Lincoln’s election had provoked widespread feelings through the South that session was the only option left for the slave-holding states. The voices advocating a separate nation thundered loudly and in states like Alabama, Mississippi and South Carolina had overtaken any expression of moderation.

The president-elect had not spoken to the nation since his nomination because campaigning for the presidency after one received the nomination of a party was thought to be undignified. Consequently, Lincoln’s words carried great import for the immediate future of the country. Different factions projected different attitudes onto the upcoming speech. Anti-slavery supporters expected Lincoln to stand up to the Southern firebrands. Moderates on all sides urged conciliation. Hard-line Southerners expected little from Lincoln that could change their minds, and many of them did not want to change their minds.

Still, the president had to try to hold the country together with this speech

He showed drafts of it to several people including William Seward, his chief rival for the Republican presidential nomination and now his nominee for Secretary of State. Seward suggested changes throughout, but he was most disturbed at Lincoln’s ending. Seward had counseled moderation, and Lincoln’s draft, he thought, was far too harsh to give moderation any hope.

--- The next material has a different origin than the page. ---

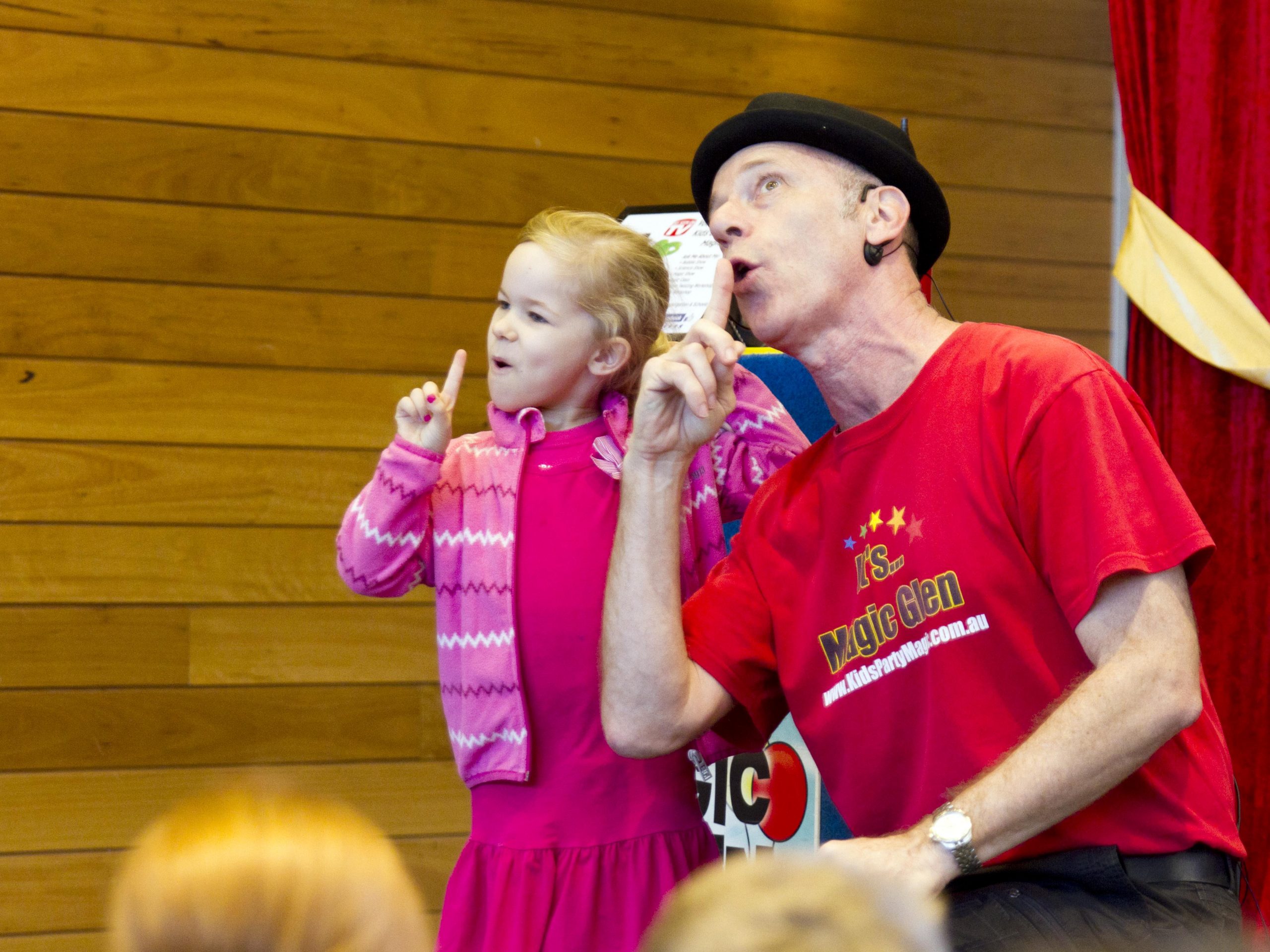Magic Glen performing an interactive magic trick with a child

Instead, he suggested this ending:

I close. We are not we must not be aliens or enemies but fellow countrymen and brethren. Although passion has strained our bonds of affection too hardly, they must not, I am sure they will not be broken. The mystic chords which proceeding from so many battle fields and so many patriot graves pass through all the hearts and all the hearths in this broad continent of ours will yet again harmonize their ancient music when breathed upon by the guardian angel of the nation.

Lincoln took those words and ideas and made them his own:

I am loth to close. We are not enemies, but friends. We must not be enemies. Though passion may have strained it must not break our bonds of affection. The mystic chords of memory, stretching from every battle-field, and patriot grave, to every living heart and hearthsone, all over this broad land, will yet swell the chorus of the Union, when again touched, as surely they will be, by the better angels of our nature.

Lincoln’s sharp thinking and succinct writing took Seward’s good words and turned them into what Doris Kerns Goodwin calls “powerful poetry.”

The words did not, unfortunately, prevent disunion and four years of bloody battles. But when that was done, they gave voice to the enduring sentiment of American unity.